Building a Stackable Shoe Rack
A stackable shoe rack can be a great solution to a shoe organization problem. Being able to store shoes so that you can find them quickly can be a time saver and can also help you to make better use of the shoes you have. With the right tools and materials and a good set of instructions, you can do this in a single weekend.
Tools and Materials:
- Plywood or particle board, ¾-by-12-inches wide
- Bench saw
- Planer blade
- Tape measure
- Drill and bit
- Wood screws
- Edge banding
Step 1 – Determine Needed Space
Before you begin cutting your wood pieces, determine how much space you'll need for your shoes. First, separate your shoes into types. If you have dress boots, snow boots, hiking boots or other types of shoes that may require more space, gather them into a group where you can count them. The same goes for flat shoes, such as sandals, that may take up less space than your conventional shoes. Traditional shoes can typically be accommodated by a space 6 inches high, 8 inches wide and 12 inches deep. Determining the space each type of shoe will occupy and then multiplying this figure by the number of shoe pairs you have of that type will tell you how to plan your shoe rack space.

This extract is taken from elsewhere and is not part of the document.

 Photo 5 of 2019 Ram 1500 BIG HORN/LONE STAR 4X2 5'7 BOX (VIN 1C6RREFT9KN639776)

Step 2 – Cut Your Wood Pieces
Assuming your shoes are all the conventional style, that you own 16 pairs of these shoes and that your shoe rack must fit into a space 52 inches wide, cut these pieces of shelf wood:
- 2 pieces 22 ¼ inches long
- 3 pieces 48 ¾ inches long
- 3 pieces 6 inches long
If you would like your cut edges to be smooth, use a planing blade to cut the pieces.

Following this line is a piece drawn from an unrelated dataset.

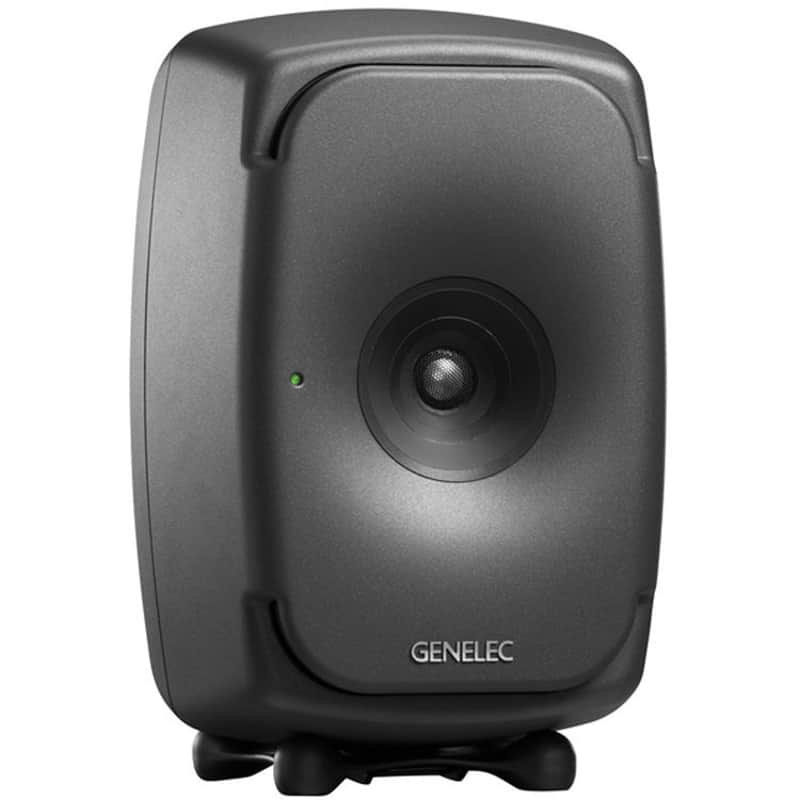 Genelec 8341A SAM 3-Way Powered Coaxial Studio Monitor (Single) image 1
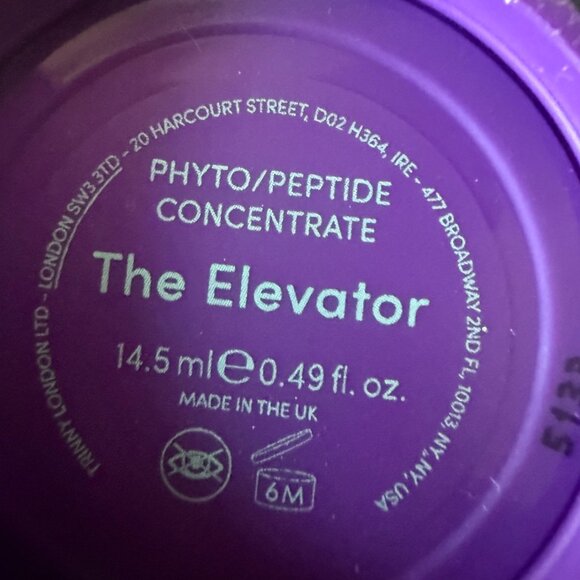 The Elevator Mini NECK/DÉCOLLETÉ CONCENTRATE - Picture 2 of 4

Step 3 – Assemble Your Pieces
To assemble your cut shelving pieces, place the two medium-length pieces on their narrow sides. Set the pieces parallel to each other and at least 49 inches apart. These pieces will be your shelf side pieces. Be sure the surface you lay them on is not going to scratch or mar their surfaces. Now, fit one of the cross pieces (48 ¾ inches) between the side pieces. This will be your bottom shelf. From the bottom edge of your two side pieces, measure up 6 inches and make marks with your pencil from one outside edge to the other outside edge. Using your carpenter’s square, draw one line across the inside surface of each of the two side pieces.

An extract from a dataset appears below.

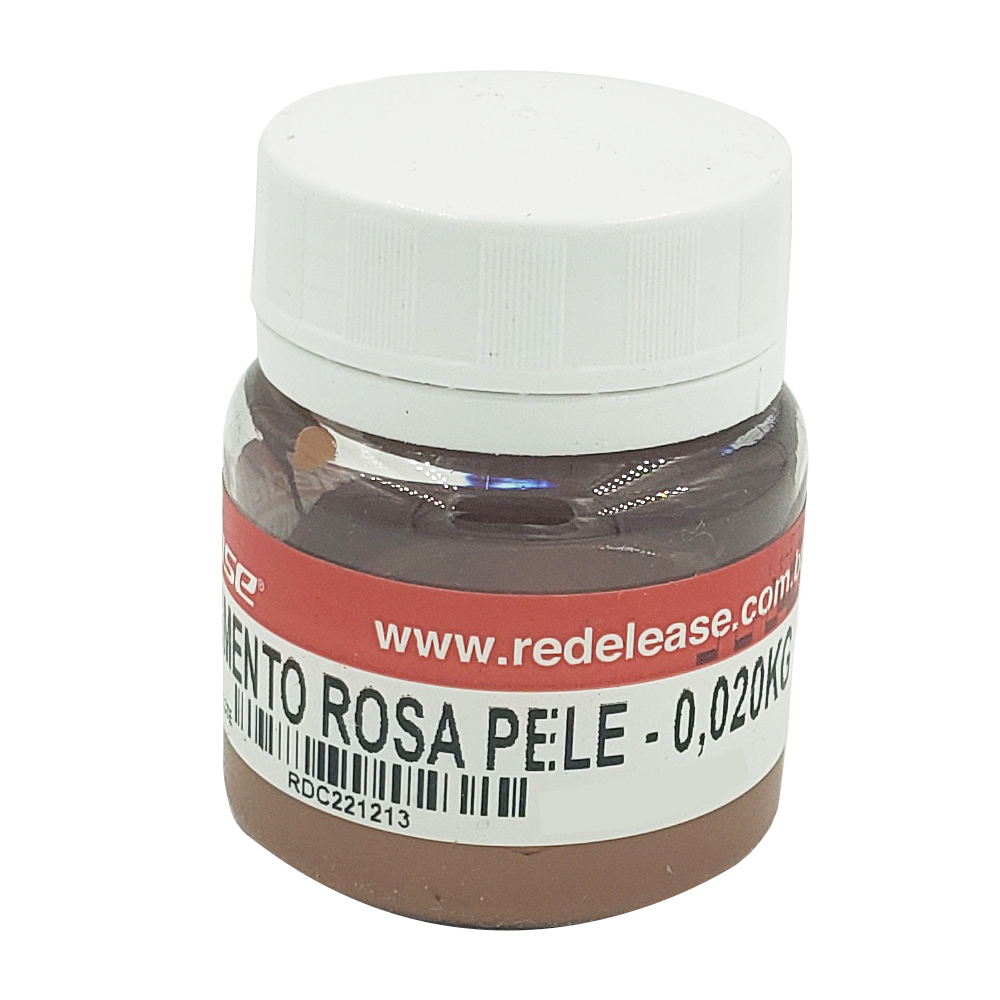 Pigmento Rosa Pele (20 g)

Drill three holes in the line drawn on a side piece (one in the center and one near each of the sides). Repeat this drilling with the other side piece. Fit the two ends of your shelf against these drilled holes. Then place your drill bit through the drilled side board holes and drill guide holes into the shelf ends. Then attach the shelf by driving screws through the side boards and into the shelf end holes. Attach the other shelves, using the same procedure and spacing them 6 inches apart.
Step 4 – Insert the Support Pieces
Place a 6-inch support piece between each shelf, halfway between the shelf ends. Then fasten them in place with wood screws. Be sure all support pieces are lined up evenly before attaching them.